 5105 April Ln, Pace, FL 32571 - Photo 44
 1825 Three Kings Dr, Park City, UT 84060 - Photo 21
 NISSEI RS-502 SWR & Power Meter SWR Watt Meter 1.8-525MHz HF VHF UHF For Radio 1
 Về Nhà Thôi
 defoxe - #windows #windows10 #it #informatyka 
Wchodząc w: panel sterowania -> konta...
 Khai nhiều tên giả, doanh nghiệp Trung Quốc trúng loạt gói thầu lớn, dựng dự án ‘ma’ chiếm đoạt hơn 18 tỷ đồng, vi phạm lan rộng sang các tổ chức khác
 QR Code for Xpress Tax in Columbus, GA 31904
==*==
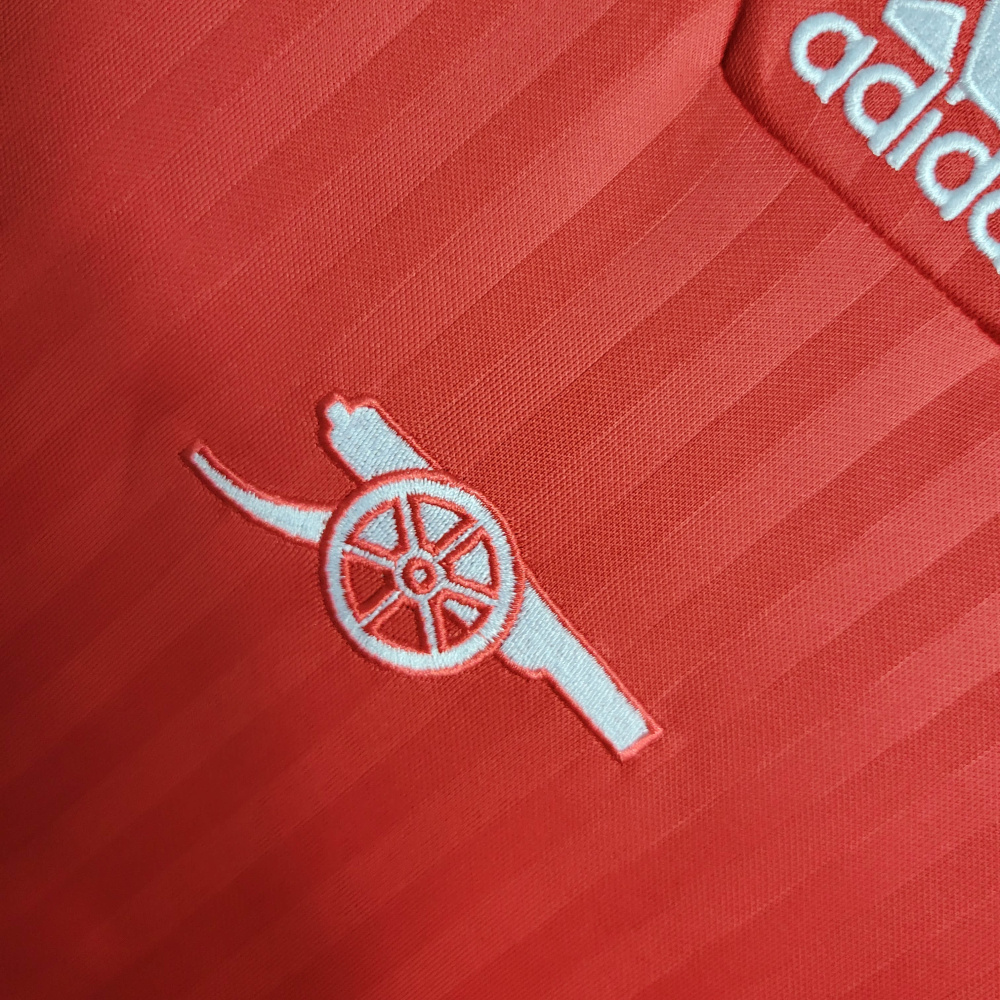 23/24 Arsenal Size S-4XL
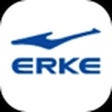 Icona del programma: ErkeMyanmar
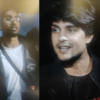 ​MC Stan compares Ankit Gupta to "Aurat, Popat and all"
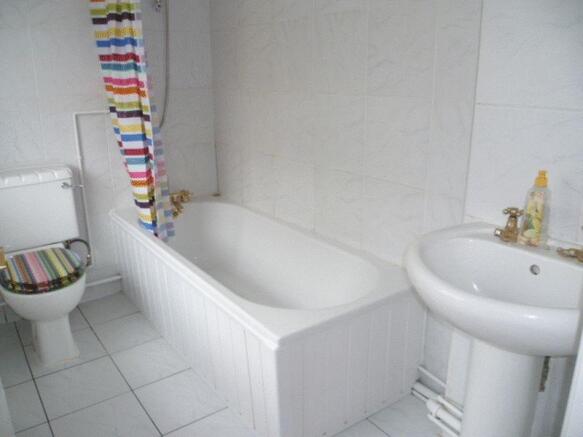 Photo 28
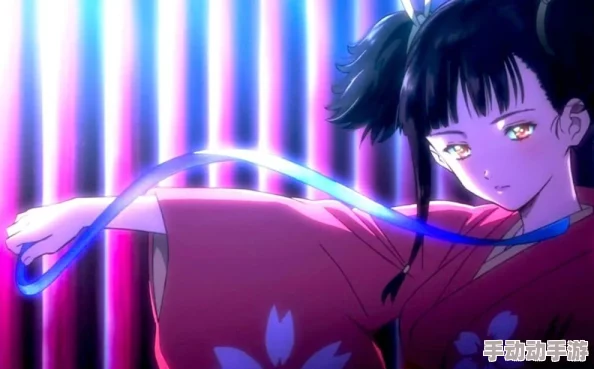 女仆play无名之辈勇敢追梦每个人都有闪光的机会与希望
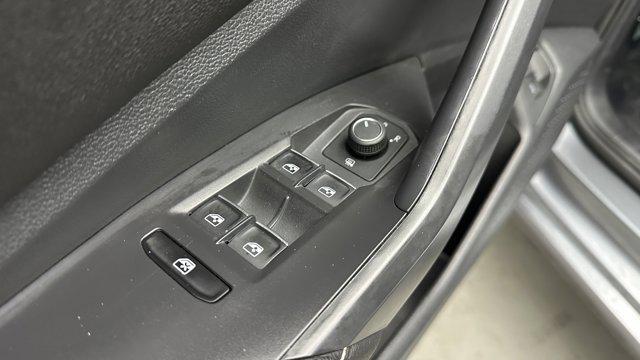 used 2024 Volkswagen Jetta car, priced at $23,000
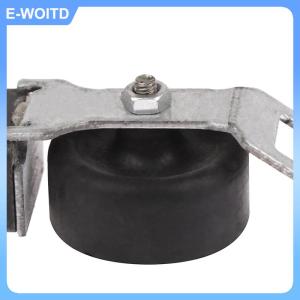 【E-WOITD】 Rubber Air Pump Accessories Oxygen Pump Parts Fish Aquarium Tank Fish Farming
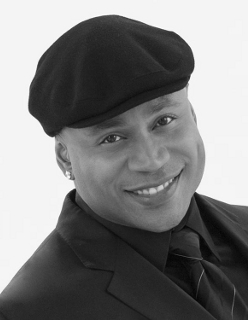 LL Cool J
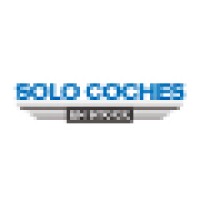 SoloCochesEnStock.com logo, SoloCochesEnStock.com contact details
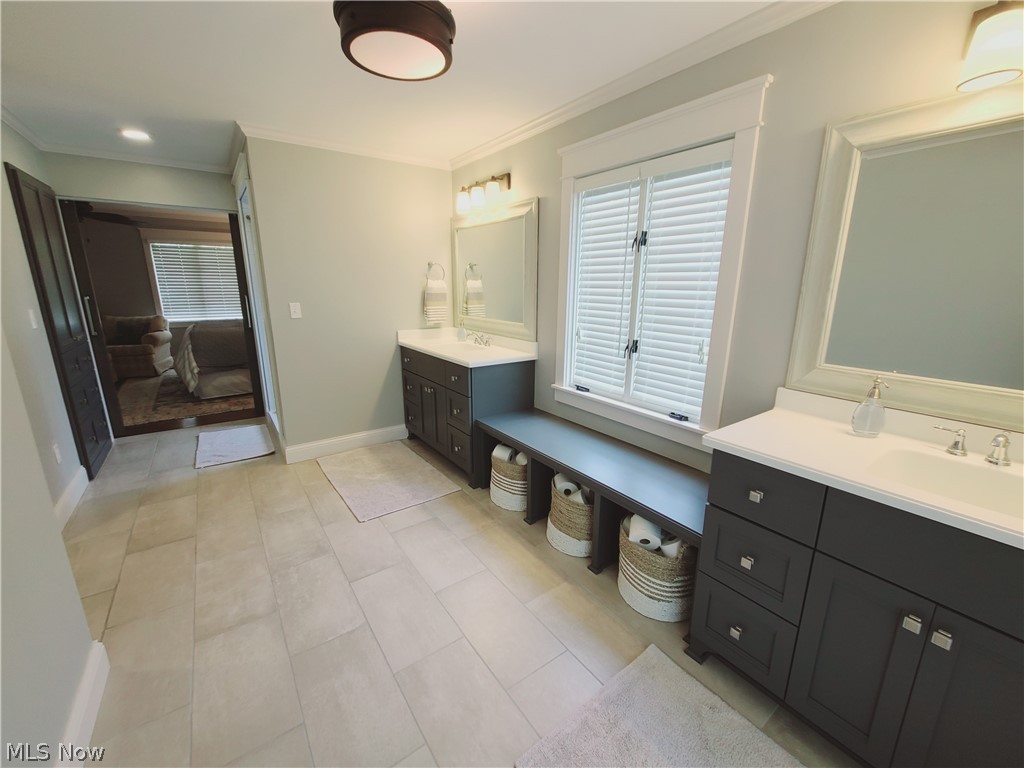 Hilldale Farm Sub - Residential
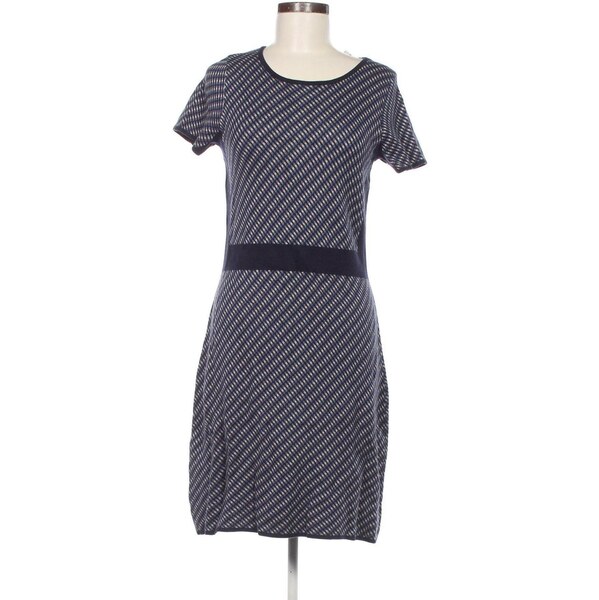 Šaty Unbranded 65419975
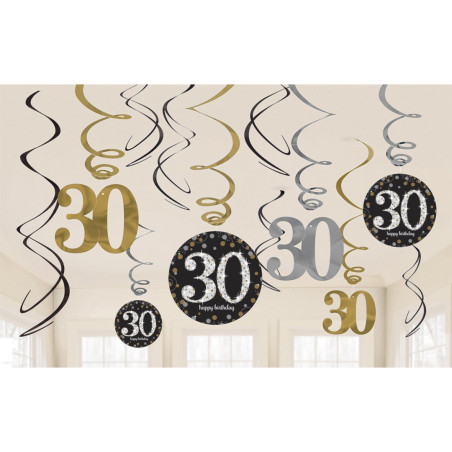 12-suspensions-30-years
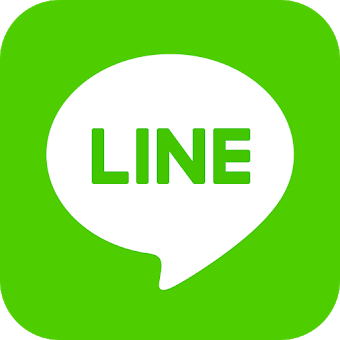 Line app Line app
==*==
The problem:
Set down, unchanged, only those lines above that fall between the line with "Về Nhà Thôi" and the line with "QR Code for Xpress Tax in Columbus, GA 31904", the two end lines included.

Answer for this exercise:
 Về Nhà Thôi
 defoxe - #windows #windows10 #it #informatyka 
Wchodząc w: panel sterowania -> konta...
 Khai nhiều tên giả, doanh nghiệp Trung Quốc trúng loạt gói thầu lớn, dựng dự án ‘ma’ chiếm đoạt hơn 18 tỷ đồng, vi phạm lan rộng sang các tổ chức khác
 QR Code for Xpress Tax in Columbus, GA 31904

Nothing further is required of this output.